The other day I had one of those moments when I realized that my Aunt Josie was dead. I was cleaning the front room of our house and noticed a picture of us taken at my first book signing after the release of Along Comes Grandpa. I know it may seem weird to say “I realized she was dead”, I mean from a pragmatic viewpoint I should not experience those moments.
The facts are clear –
- On September 26th at 8:17am I received a call from the hospital to say that my Aunt had an “incident” and they were “working on her”.
- 15 minutes later I arrived at the hospital and was told she had died and was taken into the room where her body was.
- I sent my husband to pick up my mom and called the other family members to let them know. (*The Call)
- I helped with her funeral arrangements and put together the photo CD to be displayed at the wake. I wrote her eulogy and was there when they buried her. (*For Aunt Josie)
- I helped pack her belongings and transported them to charity donation centers.
- I was there when the realtor came to put her home of 30+ years on the market.
- I took my mom to the lawyer’s office to sign the papers for the sale of her home.
All of these events clearly add up to the reality that my Aunt has passed away. (To those concerned be assured that I am not suffering from some memory impairment that has caused me to block these events causing me to think she is alive.)
However; there are those moments when the realization of the loss causes feelings of sadness and loss that go deep down into the pit of my soul.
The realization that:
- I can no longer drop by her house to visit.
- I can’t call to see how she is doing.
- She will not be there for the next holiday or birthday celebration, nor will she have another birthday.

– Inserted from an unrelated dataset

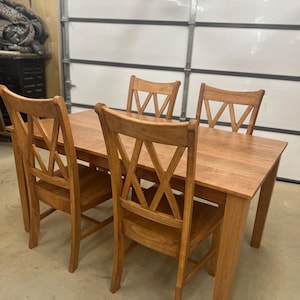 cherry table, cherry wood, cherry, dining table, hardwood table,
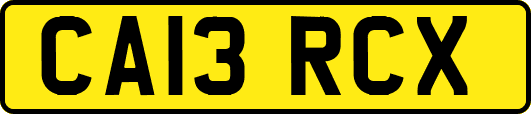 CA13RCX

Grief is a journey, and although there is not a day that goes by that you don’t know that the person is gone, along the way you will have those moments where the reality of the loss is so clear that you experience it deep in your heart and in the depths of your soul.
In those moments don’t try to push the emotions away or shove them down –
- Acknowledge the pain and the loss.
- Share your feelings with others (if they knew the person they are probably experiencing similar feelings).
- Cherish the good memories.
- Appreciate the time you had with that person.
I had one of those exact moments the other day when watching the NHL Stadium hockey Series Game in Yankee Stadium on TV. The Jersey boys were performing the song “Sherry” and a flood of emotions came over me that my parents are gone forever. My parents played that music when I was a small child in the late 60s. My Father is gone 10 years and Mother 4 years. This flood of emotion occurs with music for me. When am by myself and I hear music that reminds me of a happier time when they were alive a meltdown overcomes me. I haven’t let go of the grief yet…..Just saying.
Thanks for sharing. Grief is a journey, there is no end point where we suddenly stop missing that person. Those moments will happen even years later. My grandmother has been gone over 20 years and I still have moments where I grieve her.